Liquid purification or separation – Processes – Liquid/liquid solvent or colloidal extraction or diffusing...
Reexamination Certificate
2000-04-14
2002-11-05
Drodge, Joseph W. (Department: 1723)
Liquid purification or separation
Processes
Liquid/liquid solvent or colloidal extraction or diffusing...
C127S046200, C127S054000, C210S651000, C210S656000, C210S662000, C210S663000, C210S669000, C210S677000
Reexamination Certificate
active
06475390
ABSTRACT:
This application is a 371 of PCT/AU98/00588.
TECHNICAL FIELD
The present invention relates to a process for purifying biological molecules from food process streams and to the biological molecules prepared by the process.
BACKGROUND ART
The food processing industry, particularly, the dairy and the sugar refining industries, generates substantial quantities of aqueous by-product solutions and extracts (process streams), which can present a serious waste disposal problem but which also represent a rich source of nutrients such as sugars, proteins, peptides, minerals, vitamins, etc. By extracting the valuable nutrients from the aqueous process streams before disposal, the environmental impact of such wastes can be minimised.

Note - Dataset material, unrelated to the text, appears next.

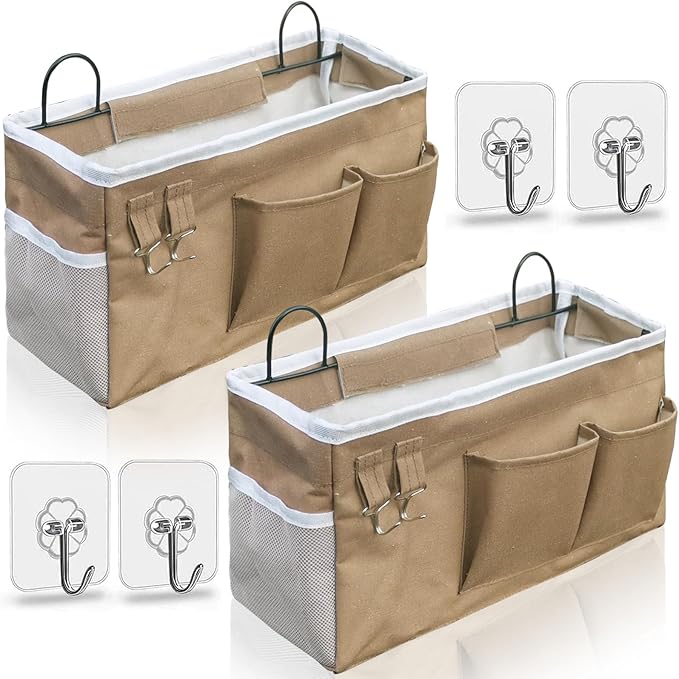 2pcs Large Wall Hanging Organizer Bag, Linen Fabric Door Hanging Storage Baskets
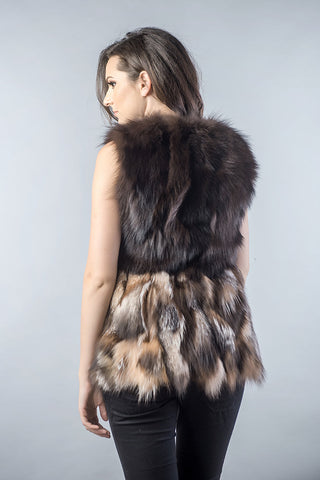 Black Light Brown Genuine Fox Fur Vest-1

Methods for extraction of sugars from aqueous food processing streams or extracts, based on chromatographic separation procedures, have been described for sucrose molasses, whole whey, milk, and lactose molasses etc. The methods that make use of chromatographic procedures, particularly ion exclusion chromatography, have the disadvantage of not being able to resolve clearly the peaks of ionic materials from non-ionic materials in the presence of divalent cations. The process comprises, at least in part, subjecting the process stream to an ion exclusion chromatography step using a chromatography column comprising a strong cation resin in the monovalent metal form. As the magnesium and/or calcium ions contained in the process stream exchange with the monovalent metal ions on the cation resin, the separating capability of the cation resin is progressively reduced. This necessitates periodic interruption of the purification procedure to regenerate the cation exchange resin which in turn involves consumption of regeneration reagents thus resulting in the generation of further waste material requiring disposal and the reduction in the productivity of the process.

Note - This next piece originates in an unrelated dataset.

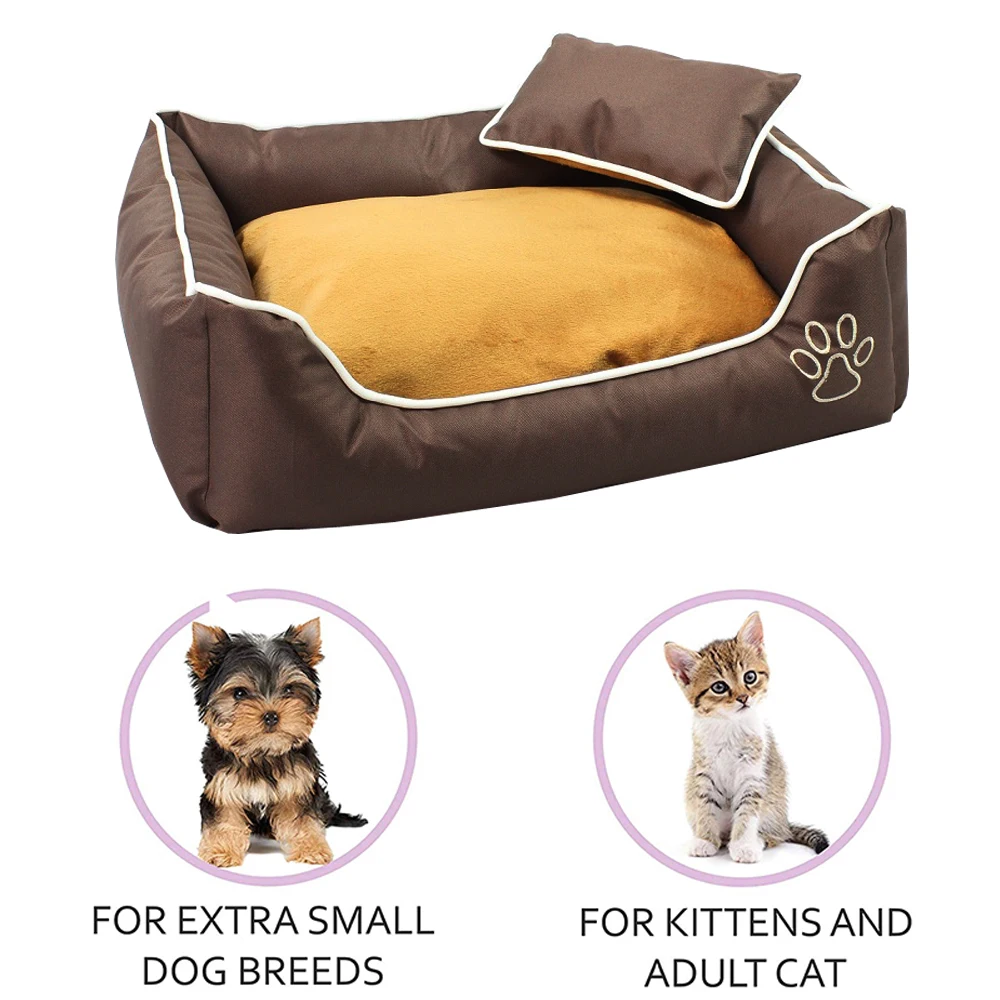 Dog Sofa Bed Pillow Washable with Removable Cover, Soft Cotton Stuffing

A process developed for the processing of sugar factory molasses includes an ion exchange pre-column charged with sodium and/or potassium ions which is designed to remove calcium and/or magnesium salts from the molasses before it is subjected to further chromatographic separation to purify the desired sugar. In this process, the pre-column which after a time becomes saturated with calcium and magnesium ions, thus losing its effectiveness, is “recharged” or regenerated with monovalent metal ions by recycling through the pre-columns the monovalent ion fraction obtained from the chromatography column.
However, the purification procedures which may be applicable to a particular process stream may not be easily adapted for use with process streams which have origins in a different industry. Thus, a method developed for purification of sugars from, for example, sugar factory molasses cannot be applied to purification of sugars from, for example, dairy process streams because of the differences in the nature and content of other organic and inorganic molecules present in the process streams. For example, it has been found that the monovalent ion fraction obtained from chromatographic separation of process streams with a high content of phosphate, which when this fraction is used to regenerate the pre-column, interacts with calcium in the pre-column and precipitates, thus blocking the column and reducing its efficiency.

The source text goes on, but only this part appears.